House Republicans warn about loss of public trust after COVID lockdowns at tense roundtable
FOX News 2hrs ago

The Republican-led House panel investigating the COVID-19 pandemic kicked off its first public event Tuesday, with multiple GOP lawmakers laying blame for Americans losing trust in health officials directly at the feet of those who promoted lockdowns and vaccine mandates.

The House Select Subcommittee on the Coronavirus Pandemic held a roundtable on "Preparing for the Future by Learning From the Past," grilling medical experts on what broad public health restrictions during the pandemic did to Americans of all ages.

Several lawmakers directed their frustrations at Democrats’ invited witness, American Public Health Association Executive Director Georges Benjamin.

"What we have now is a complete lack of trust and confidence in the public health sector…and that's due to a coordinated spread of misinformation and disinformation that was for political gain, for the most part — in a lot of part — by public health officials like yourself," Texas GOP Rep. Ronny Jackson said during one of the tenser moments in the hours-long event.


Jackson told Benjamin that he was a "strange witness" for Democrats to call upon considering the growing doubt Americans feel about the advice of public health experts.


Critics of COVID-19 health measures recently seized on a new report published in The Lancet medical journal this month that indicates immunity from a coronavirus infection could be just as strong as getting a double-vaccination – which had been required across most facets of public life for much of the pandemic since the vaccines’ production. 

Georgia Republican Rep. Rich McCormick compared COVID vaccine aversion during the height of the pandemic to doctors in the 19th century largely doubting the fact that washing their hands held health benefits for themselves and their patients.


"We do more harm than good by — to treat people with booster shots right now, if you have immunity," McCormick said.
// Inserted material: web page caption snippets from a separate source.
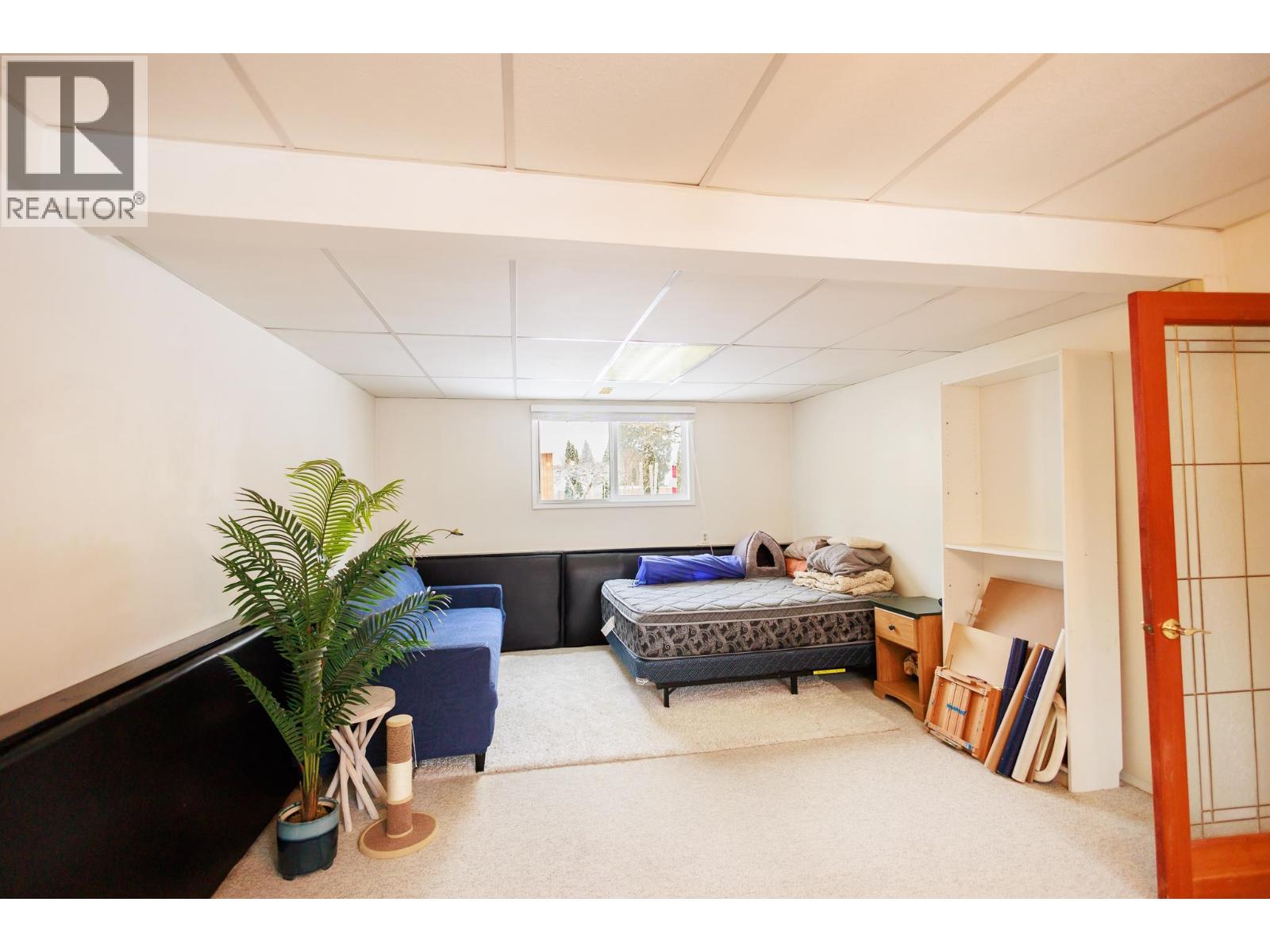 4115 BENNER Street, Terrace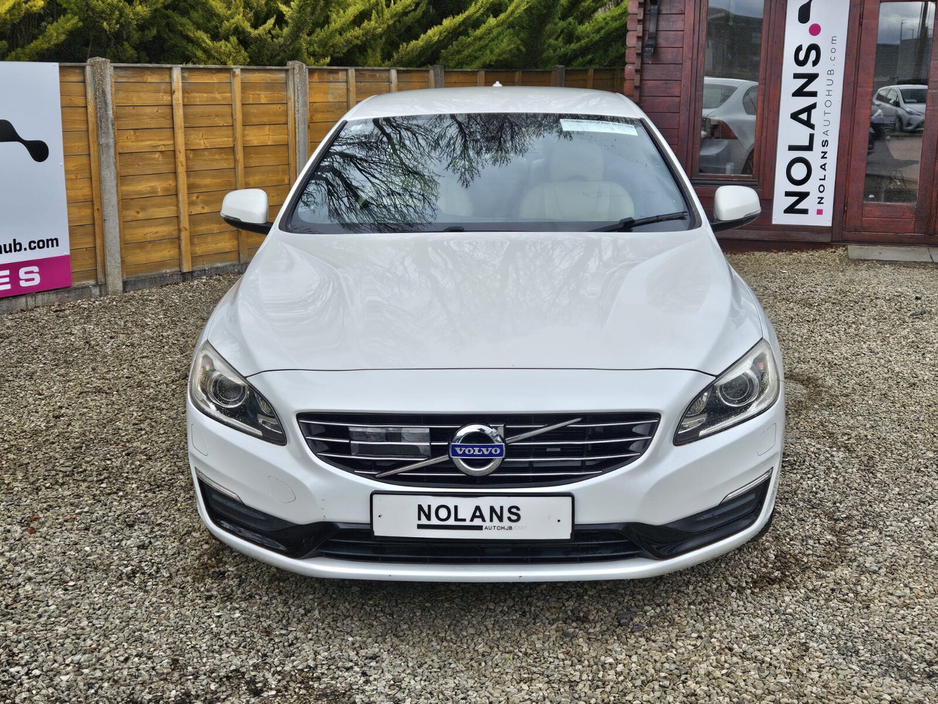 2017 Volvo S60 - image 15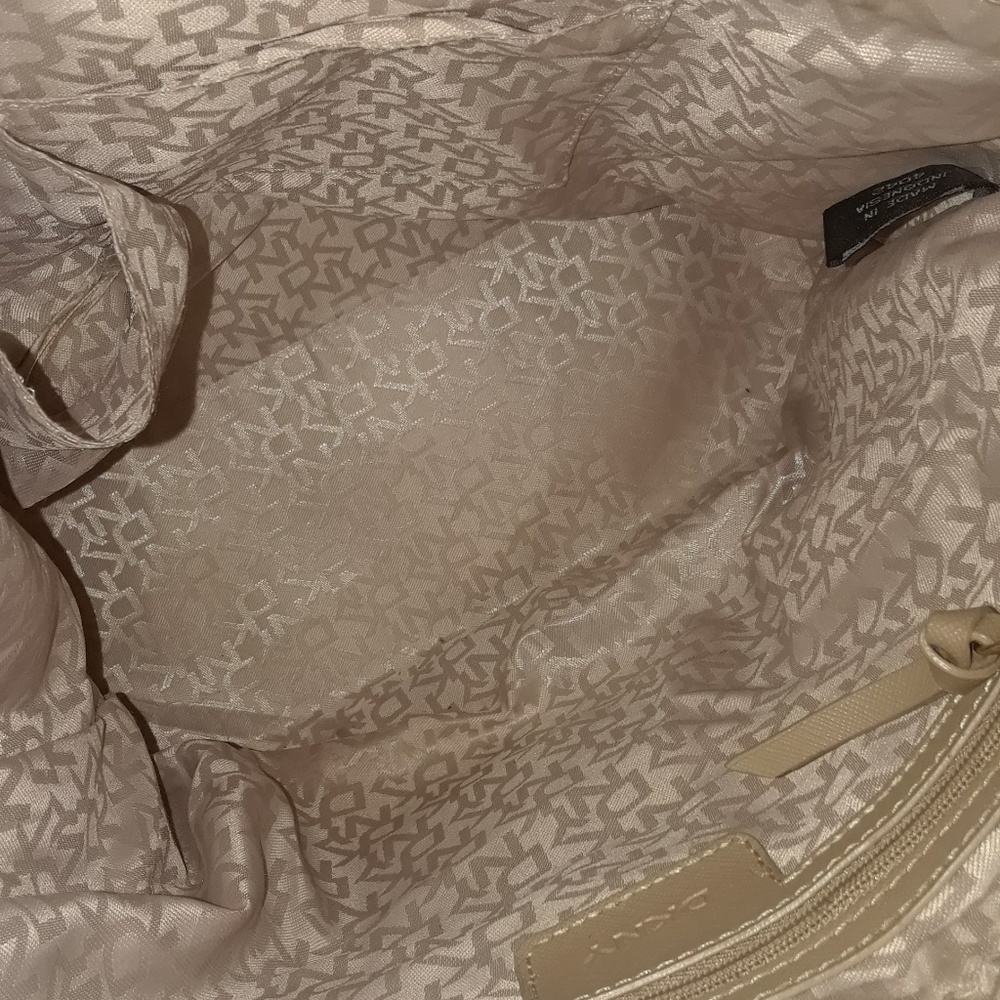 Purse - Picture 3 of 4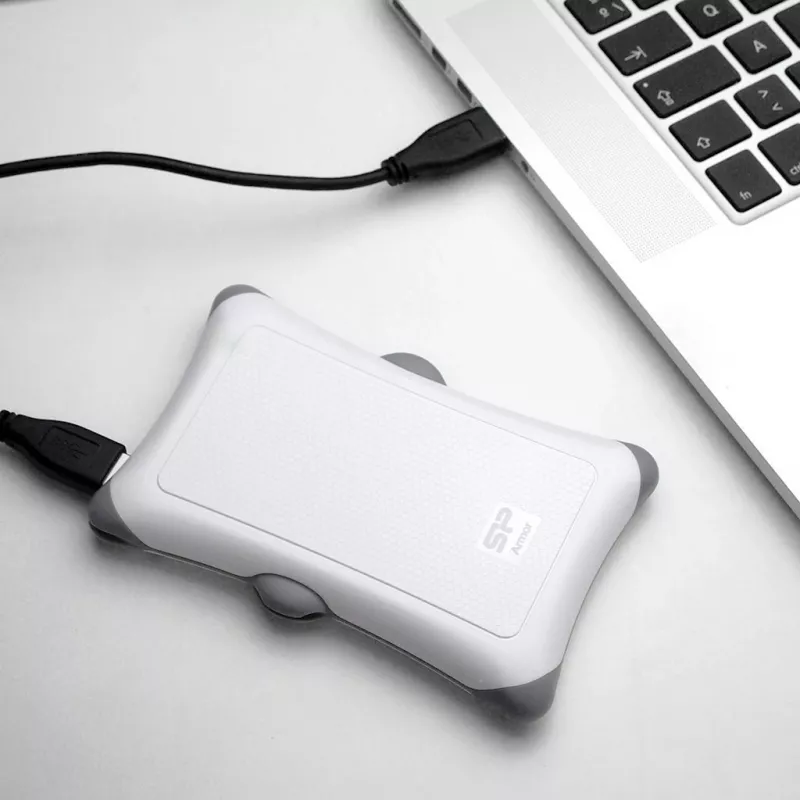 Ārējais HDD Silicon Power Armor A30 2TB 2.5 collu USB 3.2 Gen 1, balts, triecienizturīgs, 256 bitu AES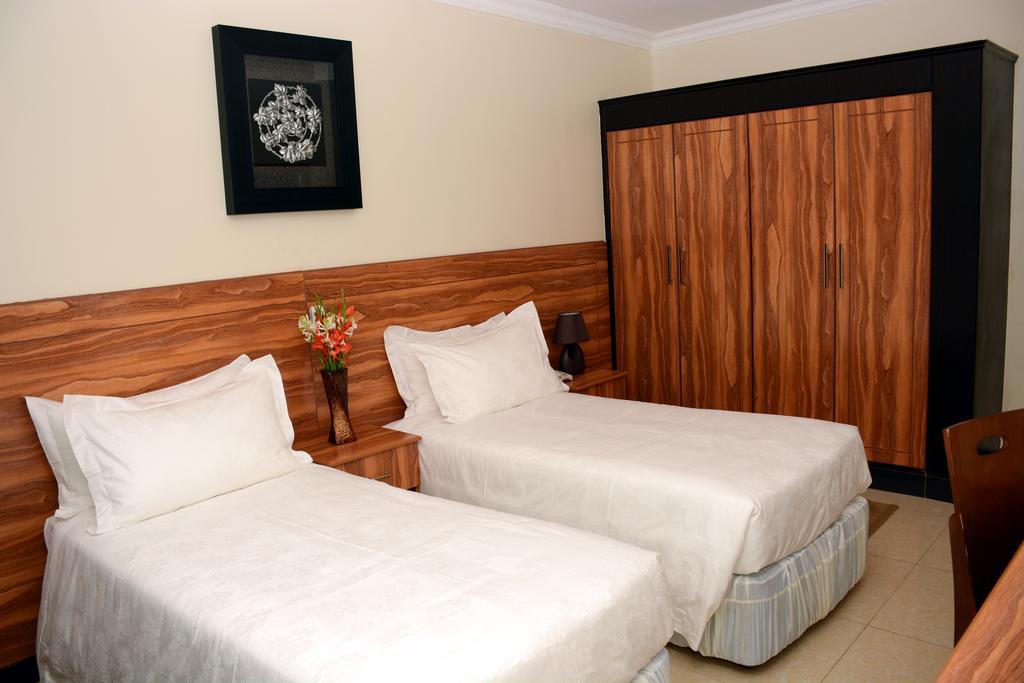 La Posh Hotel Kigali Exteriér fotografie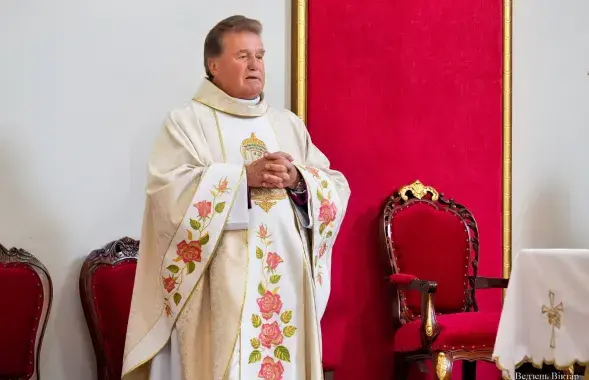 Ксёндз Уладзіслаў Завальнюк

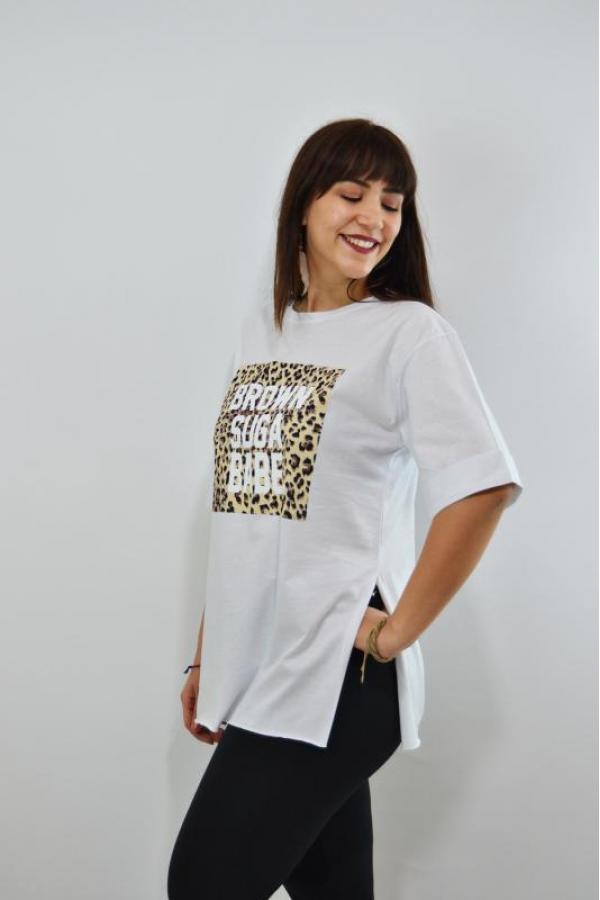 Brown Leopar Baskılı Duble Kol Yırtmaçlı Kadın T-Shirt Beyaz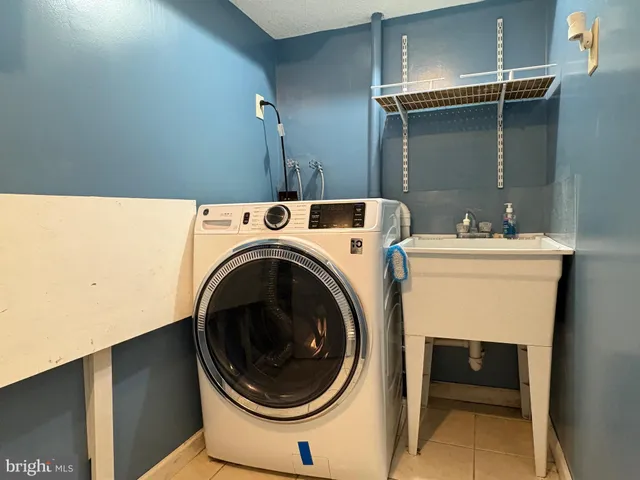 $2,800 | 12654 Valleywood Drive, Woodbridge, VA 22192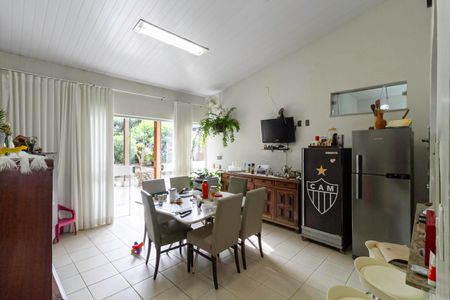 Casa à venda com 480m², 5 quartos e 2 vagasCopa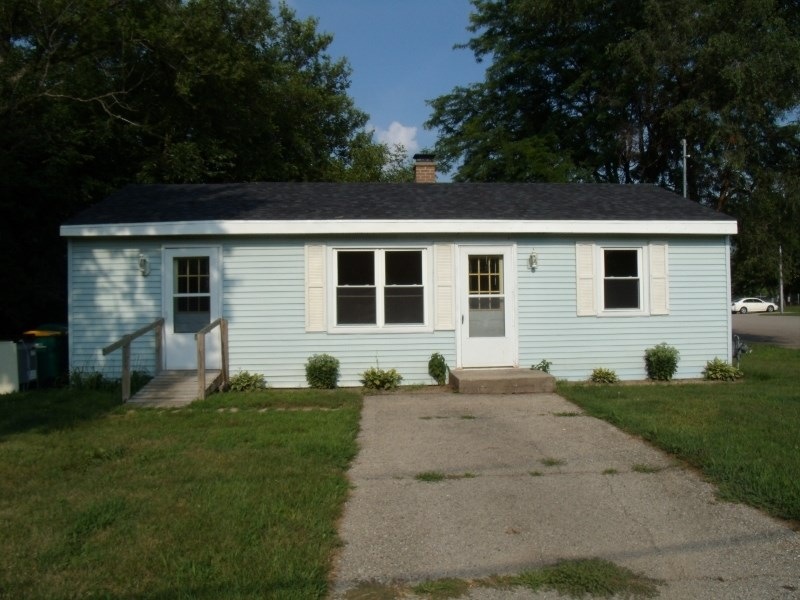 5130 S Driftwood Dr, Janesville, WI 53546 - photo 1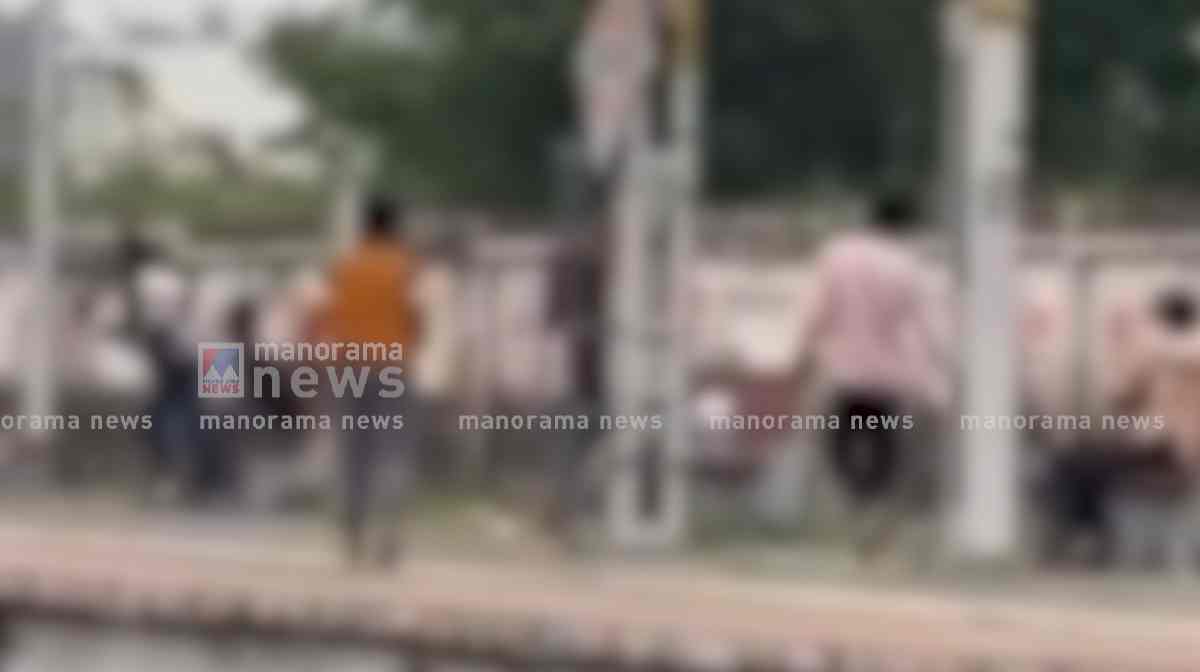 at-thiruvalloor-railway-station-the-passengers-were-brutally-beaten-by-drunken-youths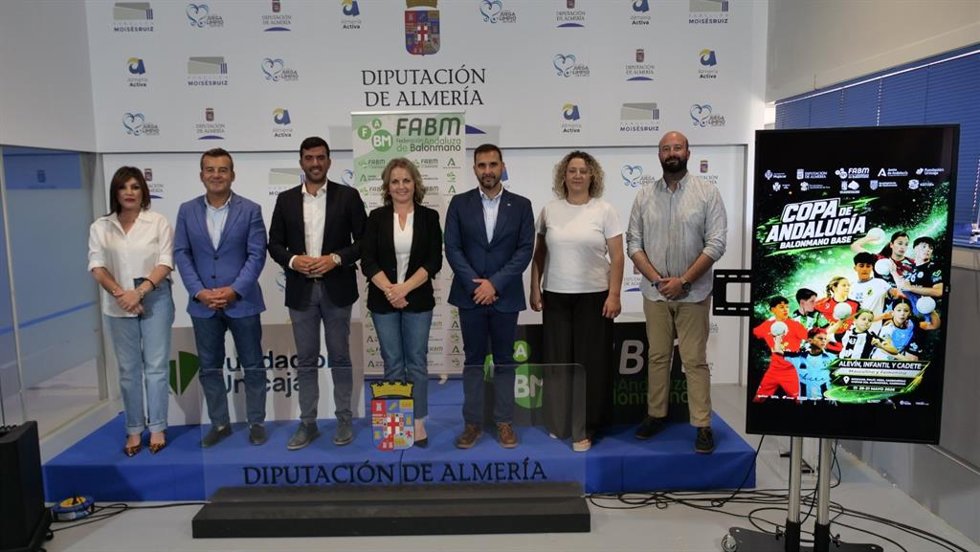 Presentación de la III Copa de Andalucía Base de Balonmano en Almería.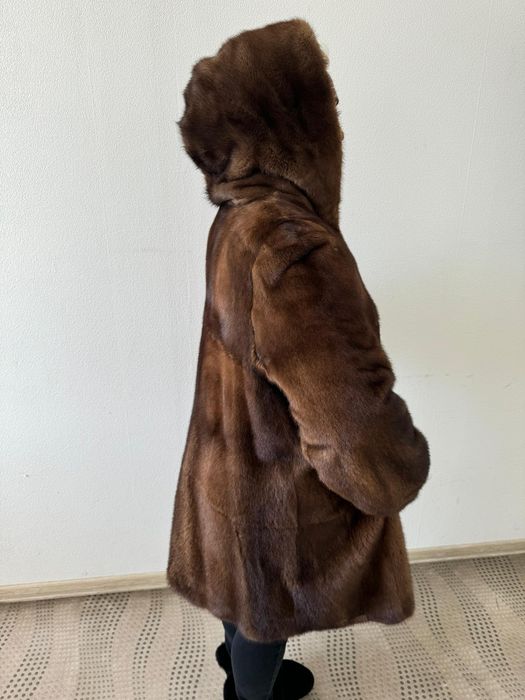 Продам шубу из меха норки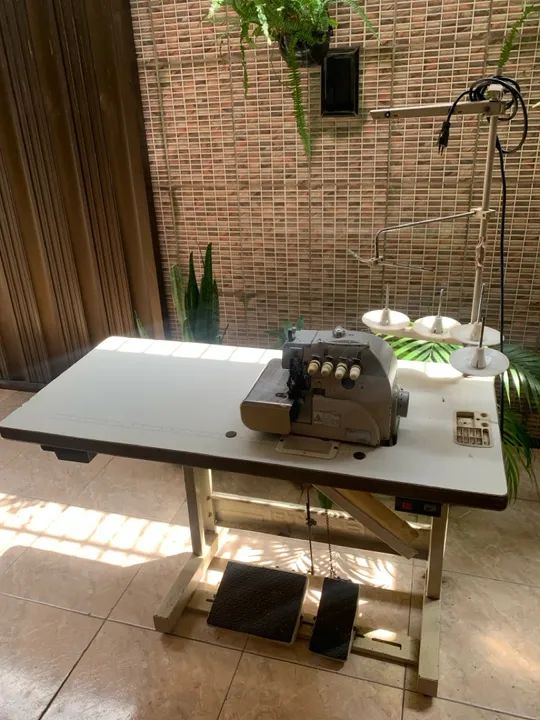 Máquina overloque ponto cadea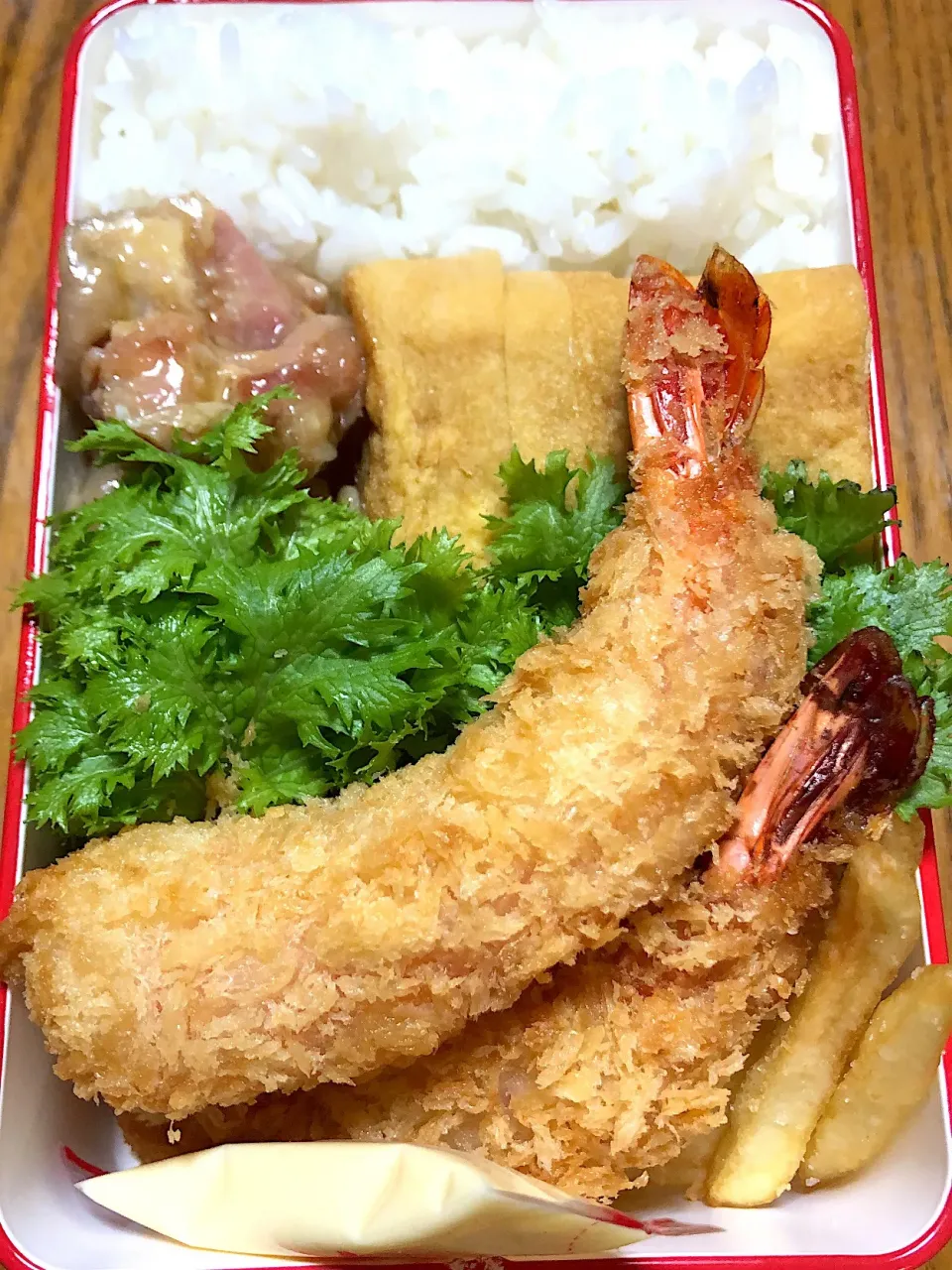 12月28日（金）エビフライ弁当🍤🍤|かよっぺさん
On Benjamin’s admission that he himself had not treated a patient since the 1990s, the Georgia Republican fumed, "One of the things that disturbed me greatly about this pandemic is that people who are ‘experts’ who have never seen a patient for COVID, were telling physicians like myself — who saw thousands of patients — that I could not speak, and that I should be censored."

Firebrand Georgia Rep. Marjorie Taylor Greene expressed outrage at her own censorship on Twitter over accusations of spreading COVID misinformation and claimed that widespread school shutdowns to slow the virus only served to harm children.

Greene said "children truly suffered en masse" during the closures and "natural immunity is something that should have been trusted, but for some reason, all common sense, and all knowledge went out the window."

Three of the event’s witnesses — doctors Jay Bhattacharya, Martin Kulldorf, and Marty Makary — are part of a small group of medical experts known as the Norfolk Group. The collective released a blueprint last week with recommendations for a bipartisan panel to investigate the "collateral damage" done by the government’s response to COVID-19.

The blueprint said that school closures "generated enormous societal damage without significantly lowering COVID-19 mortality, while failing to protect high-risk Americans."

Rep. Raul Ruiz, himself a medical doctor and the top Democrat on the subcommittee, tore into the witnesses’ legitimacy in his opening statement. 

"I am troubled that… participants on today’s panel have a well-documented history of downplaying the gravity of the COVID-19 pandemic and defying the overwhelming consensus of America’s scientific, research, and public health communities — including by advocating for a reckless herd immunity strategy for a deadly novel virus we knew little about and drawing into question vaccine policies that contributed to the prevention of more than three million fatalities," Ruiz said.

"To successfully carry out the charge of this Select Subcommittee, our work must lead with facts and follow the science. Anything less would be a misguided use of our time and taxpayer dollars and a betrayal of the interests of the American people."

Multiple studies have been done on the effectiveness of lockdowns since the pandemic's peak.